Among the tracklisting, there are many compositions which are more known as hits for other artists. Hearing the collaboration take on Release Me, later a hit for Engelbert Humperdinck is a strange experience but it works. Other interesting interpretations include Dave Dudley’s Six Days On The Road and Tom T. Hall‘s I Washed My Face In The Morning Dew.


The production is straight out of the 1960s, with the heavy use of the stereo field. Instruments are spread across, with backing vocals tending to favour the left channel while Bare sits firmly in the centre. It is an effect that isn’t too noticeable when listening on speakers but can be a bit disconcerting on headphones if it’s unexpected. In terms of the digital remastering present in this edition, each track sounds clear and crisp; Any eccentricities in the sound were probably already present in the original recording.

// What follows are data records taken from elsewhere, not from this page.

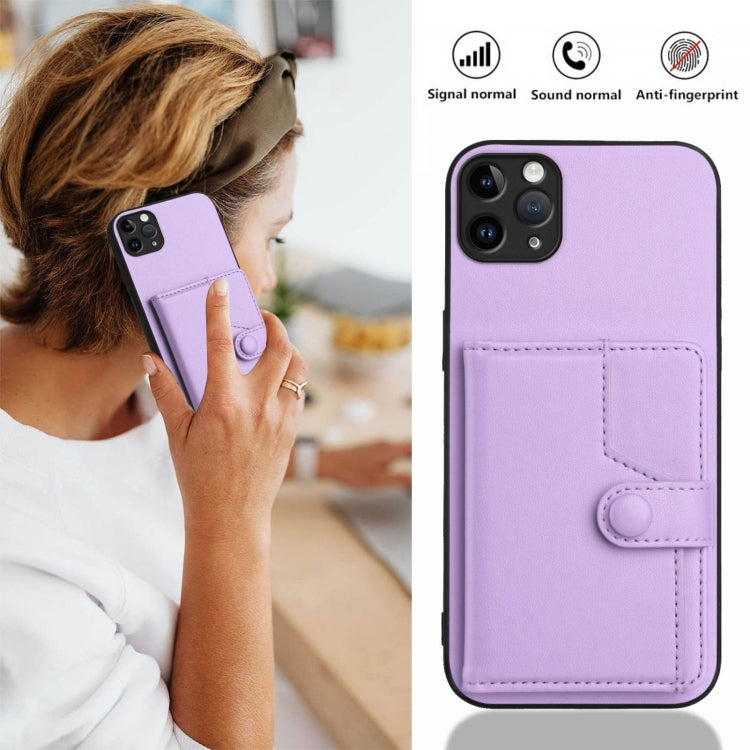 For iPhone 11 Pro Max Button Card Bag RFID Anti-theft Phone Case
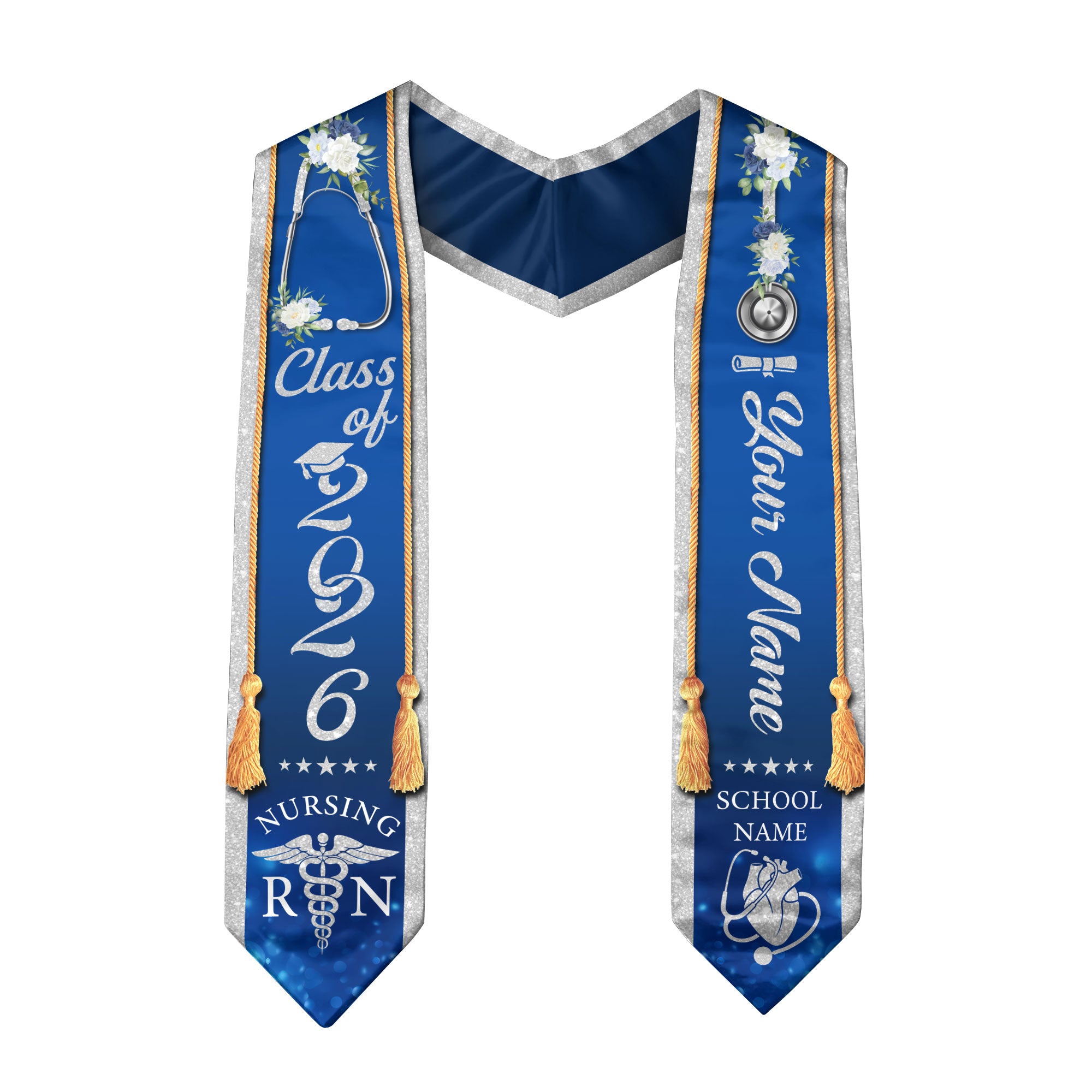 Customized RN Nurse Graduation Stole Highlighting Nursing Achievement, Graduation Sash 2026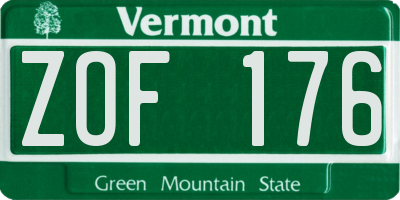 VT license plate ZOF176
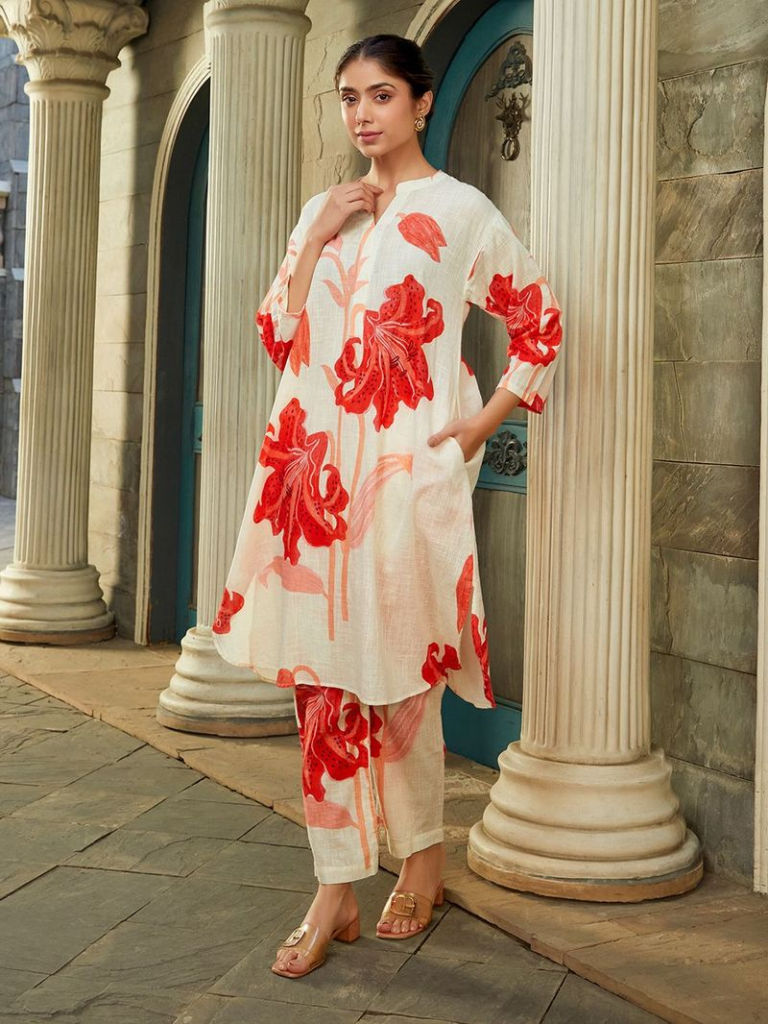 Ivory Printed Cotton Slub Kurta with Pants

This album brings together a legend of Country and a well-revered group of musicians who made a splash in their musical genre. The result of the union between these two acts on record is a pleasant collection of songs that mixes the strengths of all concerned. It isn’t the sentimental Nashville sound and it isn’t quite the outlaw sound, it’s just a nice in-between. Bare rarely turns in a bad vocal performance. further enhanced by the competent backing that sounds authentic yet with a tinge of British flavour. Those coming to this album for Bare may just leave with a thirst for more Hillsiders material. The English Country Side is featured in a multi-album reissue from BGO Records.


  1. You All Come (Y’all Come)
  2. Find Out What’s Happening
  3. Love’s Gonna Live Here
  4. I Love You Drops
  5. I Washed My Face In The Morning Dew
  6. Goin’ Home
  7. The Great Snow Man
  8. Blue Is My Lonely Room
  9. Release Me (And Let Me Love Again)
  10. Sweet Dreams
  11. Six Days On The Road

The English Country Side - Bobby Bare with the Hillsiders




Jamie Dyer

Jamie Dyer is an experienced writer, broadcaster, musician and social media marketer. He enjoys Old Time Radio, vintage TV, collecting vinyl and supporting the New York Knicks.